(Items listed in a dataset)
--- START ---

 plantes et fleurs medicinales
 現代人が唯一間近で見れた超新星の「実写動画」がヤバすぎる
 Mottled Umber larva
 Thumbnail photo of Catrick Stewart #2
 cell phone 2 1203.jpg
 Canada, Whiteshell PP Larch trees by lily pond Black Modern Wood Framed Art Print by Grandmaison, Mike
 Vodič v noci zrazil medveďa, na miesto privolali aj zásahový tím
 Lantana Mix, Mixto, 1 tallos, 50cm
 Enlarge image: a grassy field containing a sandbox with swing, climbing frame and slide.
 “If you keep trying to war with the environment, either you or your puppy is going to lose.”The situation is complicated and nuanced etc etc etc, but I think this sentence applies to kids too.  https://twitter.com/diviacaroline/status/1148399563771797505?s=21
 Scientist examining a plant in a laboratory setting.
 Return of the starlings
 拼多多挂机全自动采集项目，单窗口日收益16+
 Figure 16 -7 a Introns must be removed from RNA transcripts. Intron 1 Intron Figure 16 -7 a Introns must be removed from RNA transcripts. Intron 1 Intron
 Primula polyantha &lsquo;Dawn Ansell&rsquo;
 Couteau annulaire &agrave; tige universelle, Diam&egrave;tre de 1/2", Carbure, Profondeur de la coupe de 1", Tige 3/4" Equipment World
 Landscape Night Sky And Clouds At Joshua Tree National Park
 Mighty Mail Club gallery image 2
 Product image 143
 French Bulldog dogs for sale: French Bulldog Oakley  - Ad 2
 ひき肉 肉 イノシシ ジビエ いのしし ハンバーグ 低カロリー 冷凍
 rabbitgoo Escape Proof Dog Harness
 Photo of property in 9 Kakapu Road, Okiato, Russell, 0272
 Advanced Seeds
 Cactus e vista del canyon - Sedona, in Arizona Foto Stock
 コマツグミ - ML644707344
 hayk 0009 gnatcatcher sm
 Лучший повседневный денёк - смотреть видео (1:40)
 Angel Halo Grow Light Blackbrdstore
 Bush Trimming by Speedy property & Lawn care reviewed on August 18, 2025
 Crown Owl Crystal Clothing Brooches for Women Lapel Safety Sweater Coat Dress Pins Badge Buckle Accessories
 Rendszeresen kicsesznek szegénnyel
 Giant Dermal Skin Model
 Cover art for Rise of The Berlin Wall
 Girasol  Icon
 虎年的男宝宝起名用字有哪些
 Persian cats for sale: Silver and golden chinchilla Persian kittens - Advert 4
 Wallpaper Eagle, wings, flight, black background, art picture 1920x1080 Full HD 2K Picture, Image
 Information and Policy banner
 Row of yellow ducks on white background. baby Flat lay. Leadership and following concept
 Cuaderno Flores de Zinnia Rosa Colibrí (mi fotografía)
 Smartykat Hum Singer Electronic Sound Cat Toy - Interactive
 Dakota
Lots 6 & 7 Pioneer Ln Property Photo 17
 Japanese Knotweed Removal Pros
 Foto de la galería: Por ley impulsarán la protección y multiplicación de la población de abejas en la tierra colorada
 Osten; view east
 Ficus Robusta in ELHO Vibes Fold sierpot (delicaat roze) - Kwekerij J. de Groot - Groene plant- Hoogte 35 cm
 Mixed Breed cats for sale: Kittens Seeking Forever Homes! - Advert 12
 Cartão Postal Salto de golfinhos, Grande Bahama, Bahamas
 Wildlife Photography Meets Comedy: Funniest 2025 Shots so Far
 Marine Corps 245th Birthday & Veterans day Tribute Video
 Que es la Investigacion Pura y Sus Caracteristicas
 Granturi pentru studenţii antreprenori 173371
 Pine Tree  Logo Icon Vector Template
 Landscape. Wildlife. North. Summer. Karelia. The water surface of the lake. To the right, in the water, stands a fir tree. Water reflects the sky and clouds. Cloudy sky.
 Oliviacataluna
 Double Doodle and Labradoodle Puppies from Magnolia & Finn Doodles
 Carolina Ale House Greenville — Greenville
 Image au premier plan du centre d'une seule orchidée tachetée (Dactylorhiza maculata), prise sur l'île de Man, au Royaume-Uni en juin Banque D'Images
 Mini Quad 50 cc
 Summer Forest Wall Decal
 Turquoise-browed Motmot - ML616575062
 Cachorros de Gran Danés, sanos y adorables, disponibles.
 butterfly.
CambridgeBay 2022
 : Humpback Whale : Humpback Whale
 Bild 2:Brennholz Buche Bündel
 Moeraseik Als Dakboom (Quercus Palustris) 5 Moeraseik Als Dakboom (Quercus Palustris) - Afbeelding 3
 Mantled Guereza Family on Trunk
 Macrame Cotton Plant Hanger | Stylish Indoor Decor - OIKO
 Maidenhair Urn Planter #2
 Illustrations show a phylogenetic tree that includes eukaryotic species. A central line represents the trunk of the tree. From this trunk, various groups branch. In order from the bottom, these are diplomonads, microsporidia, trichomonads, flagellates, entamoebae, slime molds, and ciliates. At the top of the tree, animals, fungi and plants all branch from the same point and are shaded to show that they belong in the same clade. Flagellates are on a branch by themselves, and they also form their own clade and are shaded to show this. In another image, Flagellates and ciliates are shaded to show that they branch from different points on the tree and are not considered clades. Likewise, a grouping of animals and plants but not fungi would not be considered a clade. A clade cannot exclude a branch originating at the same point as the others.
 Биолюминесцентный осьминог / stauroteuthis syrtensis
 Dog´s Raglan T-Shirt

--- END ---

**What you will do**
The entire set of records should be returned exactly.

**Response to the task**
 plantes et fleurs medicinales
 現代人が唯一間近で見れた超新星の「実写動画」がヤバすぎる
 Mottled Umber larva
 Thumbnail photo of Catrick Stewart #2
 cell phone 2 1203.jpg
 Canada, Whiteshell PP Larch trees by lily pond Black Modern Wood Framed Art Print by Grandmaison, Mike
 Vodič v noci zrazil medveďa, na miesto privolali aj zásahový tím
 Lantana Mix, Mixto, 1 tallos, 50cm
 Enlarge image: a grassy field containing a sandbox with swing, climbing frame and slide.
 “If you keep trying to war with the environment, either you or your puppy is going to lose.”The situation is complicated and nuanced etc etc etc, but I think this sentence applies to kids too.  https://twitter.com/diviacaroline/status/1148399563771797505?s=21
 Scientist examining a plant in a laboratory setting.
 Return of the starlings
 拼多多挂机全自动采集项目，单窗口日收益16+
 Figure 16 -7 a Introns must be removed from RNA transcripts. Intron 1 Intron Figure 16 -7 a Introns must be removed from RNA transcripts. Intron 1 Intron
 Primula polyantha &lsquo;Dawn Ansell&rsquo;
 Couteau annulaire &agrave; tige universelle, Diam&egrave;tre de 1/2", Carbure, Profondeur de la coupe de 1", Tige 3/4" Equipment World
 Landscape Night Sky And Clouds At Joshua Tree National Park
 Mighty Mail Club gallery image 2
 Product image 143
 French Bulldog dogs for sale: French Bulldog Oakley  - Ad 2
 ひき肉 肉 イノシシ ジビエ いのしし ハンバーグ 低カロリー 冷凍
 rabbitgoo Escape Proof Dog Harness
 Photo of property in 9 Kakapu Road, Okiato, Russell, 0272
 Advanced Seeds
 Cactus e vista del canyon - Sedona, in Arizona Foto Stock
 コマツグミ - ML644707344
 hayk 0009 gnatcatcher sm
 Лучший повседневный денёк - смотреть видео (1:40)
 Angel Halo Grow Light Blackbrdstore
 Bush Trimming by Speedy property & Lawn care reviewed on August 18, 2025
 Crown Owl Crystal Clothing Brooches for Women Lapel Safety Sweater Coat Dress Pins Badge Buckle Accessories
 Rendszeresen kicsesznek szegénnyel
 Giant Dermal Skin Model
 Cover art for Rise of The Berlin Wall
 Girasol  Icon
 虎年的男宝宝起名用字有哪些
 Persian cats for sale: Silver and golden chinchilla Persian kittens - Advert 4
 Wallpaper Eagle, wings, flight, black background, art picture 1920x1080 Full HD 2K Picture, Image
 Information and Policy banner
 Row of yellow ducks on white background. baby Flat lay. Leadership and following concept
 Cuaderno Flores de Zinnia Rosa Colibrí (mi fotografía)
 Smartykat Hum Singer Electronic Sound Cat Toy - Interactive
 Dakota
Lots 6 & 7 Pioneer Ln Property Photo 17
 Japanese Knotweed Removal Pros
 Foto de la galería: Por ley impulsarán la protección y multiplicación de la población de abejas en la tierra colorada
 Osten; view east
 Ficus Robusta in ELHO Vibes Fold sierpot (delicaat roze) - Kwekerij J. de Groot - Groene plant- Hoogte 35 cm
 Mixed Breed cats for sale: Kittens Seeking Forever Homes! - Advert 12
 Cartão Postal Salto de golfinhos, Grande Bahama, Bahamas
 Wildlife Photography Meets Comedy: Funniest 2025 Shots so Far
 Marine Corps 245th Birthday & Veterans day Tribute Video
 Que es la Investigacion Pura y Sus Caracteristicas
 Granturi pentru studenţii antreprenori 173371
 Pine Tree  Logo Icon Vector Template
 Landscape. Wildlife. North. Summer. Karelia. The water surface of the lake. To the right, in the water, stands a fir tree. Water reflects the sky and clouds. Cloudy sky.
 Oliviacataluna
 Double Doodle and Labradoodle Puppies from Magnolia & Finn Doodles
 Carolina Ale House Greenville — Greenville
 Image au premier plan du centre d'une seule orchidée tachetée (Dactylorhiza maculata), prise sur l'île de Man, au Royaume-Uni en juin Banque D'Images
 Mini Quad 50 cc
 Summer Forest Wall Decal
 Turquoise-browed Motmot - ML616575062
 Cachorros de Gran Danés, sanos y adorables, disponibles.
 butterfly.
CambridgeBay 2022
 : Humpback Whale : Humpback Whale
 Bild 2:Brennholz Buche Bündel
 Moeraseik Als Dakboom (Quercus Palustris) 5 Moeraseik Als Dakboom (Quercus Palustris) - Afbeelding 3
 Mantled Guereza Family on Trunk
 Macrame Cotton Plant Hanger | Stylish Indoor Decor - OIKO
 Maidenhair Urn Planter #2
 Illustrations show a phylogenetic tree that includes eukaryotic species. A central line represents the trunk of the tree. From this trunk, various groups branch. In order from the bottom, these are diplomonads, microsporidia, trichomonads, flagellates, entamoebae, slime molds, and ciliates. At the top of the tree, animals, fungi and plants all branch from the same point and are shaded to show that they belong in the same clade. Flagellates are on a branch by themselves, and they also form their own clade and are shaded to show this. In another image, Flagellates and ciliates are shaded to show that they branch from different points on the tree and are not considered clades. Likewise, a grouping of animals and plants but not fungi would not be considered a clade. A clade cannot exclude a branch originating at the same point as the others.
 Биолюминесцентный осьминог / stauroteuthis syrtensis
 Dog´s Raglan T-Shirt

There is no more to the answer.